* **AIM OF THE TASK**: Return the listing that follows exactly, with no pictures included.

* **MATERIAL TO PROCESS**:
- - - - -
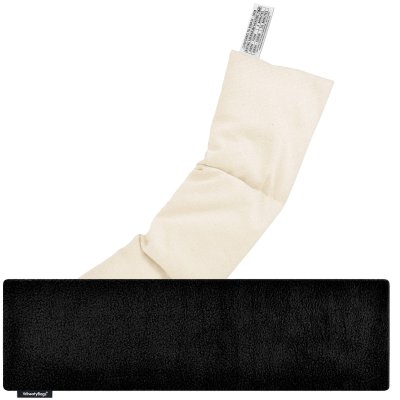(47cm x 12cm) - Black Fleece Fabric Scented (Organic Lavender Buds) with Removable Cover (Personalised with Text)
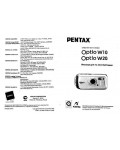 Инструкция Pentax Optio W10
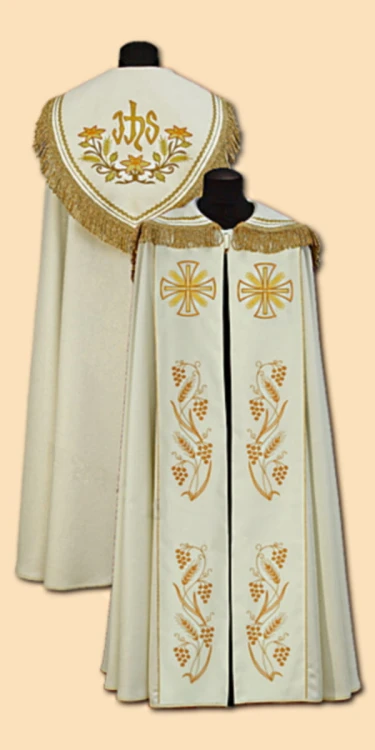 Chape liturgique brodée (id: 814)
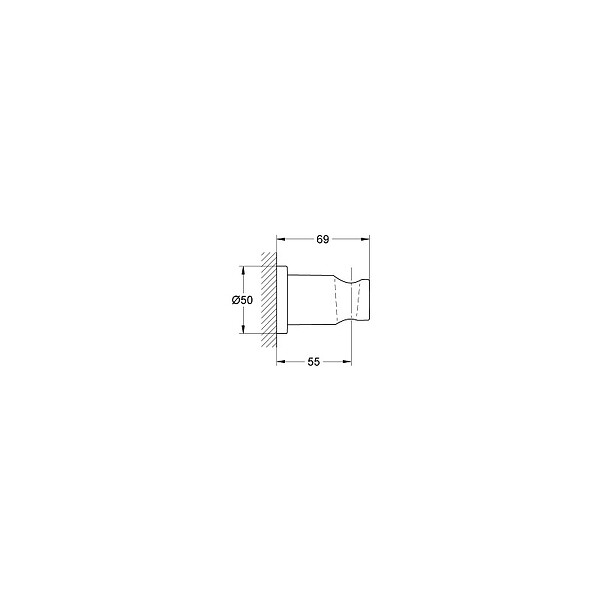 GROHE - RAINSHOWER - Support mural pour douchette, supersteel, (27074DC0) - large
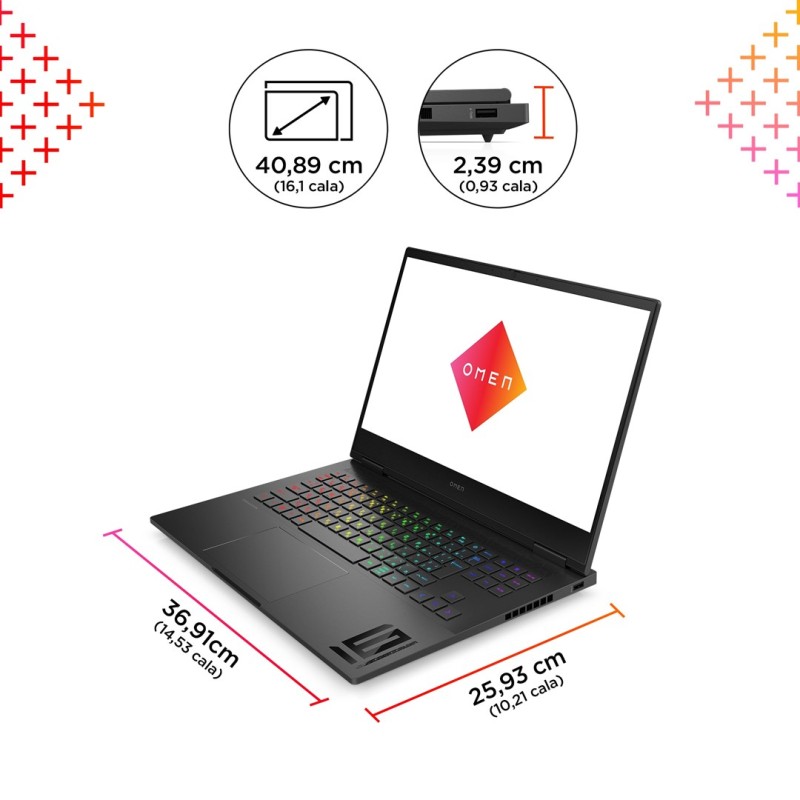 HP OMEN 16-wd0004nw i7-13620H 16,1 HP OMEN 16-wd0004nw i7-13620H 16,1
- - - - -
* **YOUR RESPONSE**:
(47cm x 12cm) - Black Fleece Fabric Scented (Organic Lavender Buds) with Removable Cover (Personalised with Text)
 Инструкция Pentax Optio W10
 Chape liturgique brodée (id: 814)
 GROHE - RAINSHOWER - Support mural pour douchette, supersteel, (27074DC0) - large
 HP OMEN 16-wd0004nw i7-13620H 16,1 HP OMEN 16-wd0004nw i7-13620H 16,1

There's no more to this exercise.